TASK ITEM: All that is needed is the first stretch of the listing below, repeated exactly and ending with the line that contains "The Marauder's Map". Pictures are to be left out.

RECORDED INFORMATION:

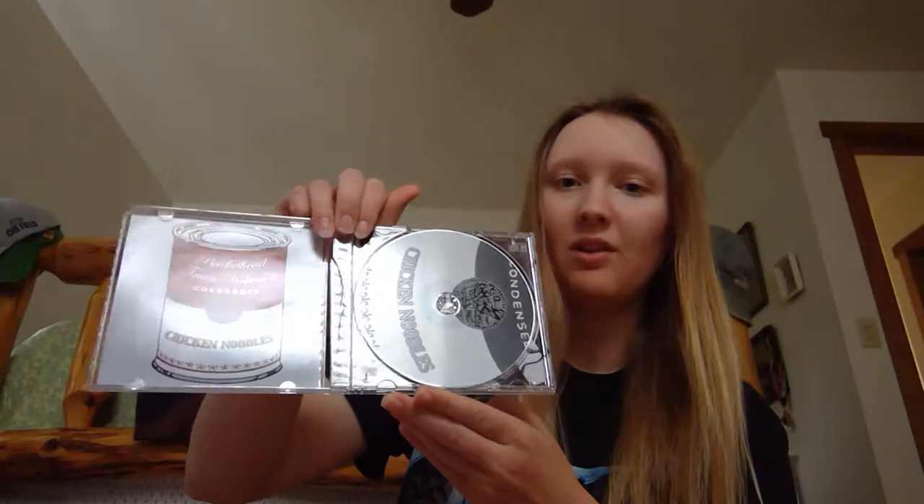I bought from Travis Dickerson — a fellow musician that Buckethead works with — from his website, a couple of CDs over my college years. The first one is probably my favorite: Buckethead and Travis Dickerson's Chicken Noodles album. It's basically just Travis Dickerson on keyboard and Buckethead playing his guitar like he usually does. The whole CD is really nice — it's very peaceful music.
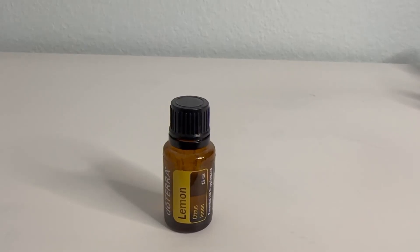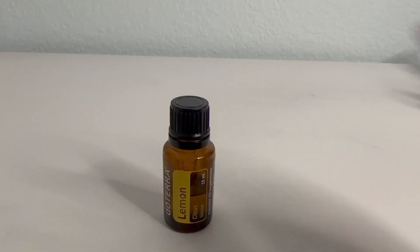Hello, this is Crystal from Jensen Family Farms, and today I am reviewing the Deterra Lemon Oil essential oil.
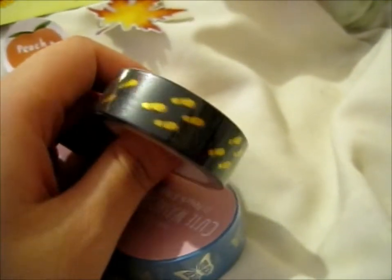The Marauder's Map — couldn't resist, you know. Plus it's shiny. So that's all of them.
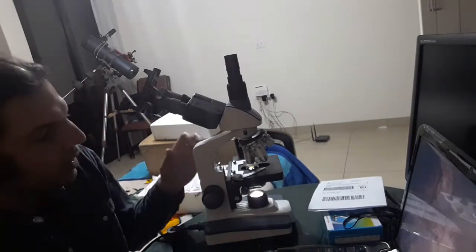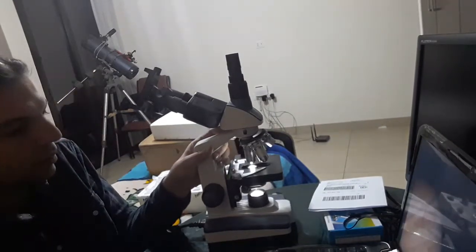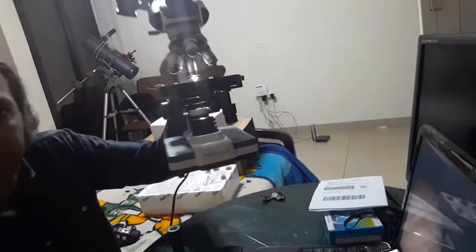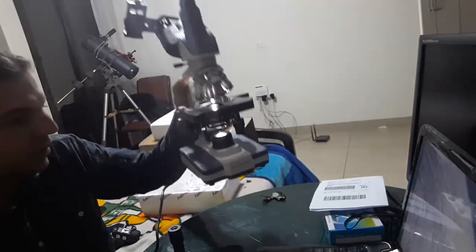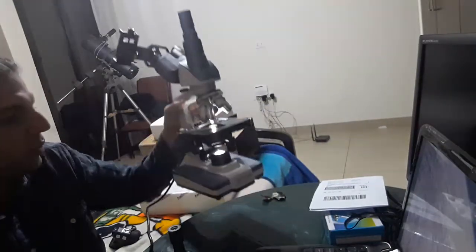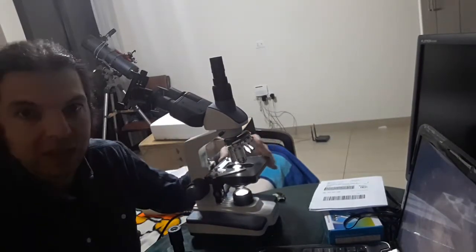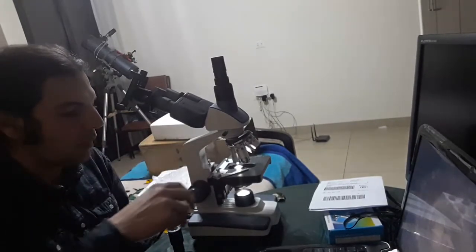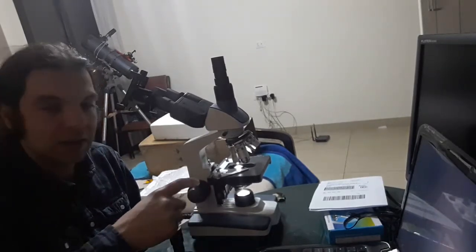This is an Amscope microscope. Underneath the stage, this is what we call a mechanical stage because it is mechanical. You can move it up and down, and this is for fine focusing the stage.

REPLY:
I bought from Travis Dickerson — a fellow musician that Buckethead works with — from his website, a couple of CDs over my college years. The first one is probably my favorite: Buckethead and Travis Dickerson's Chicken Noodles album. It's basically just Travis Dickerson on keyboard and Buckethead playing his guitar like he usually does. The whole CD is really nice — it's very peaceful music.
Hello, this is Crystal from Jensen Family Farms, and today I am reviewing the Deterra Lemon Oil essential oil.
The Marauder's Map — couldn't resist, you know. Plus it's shiny. So that's all of them.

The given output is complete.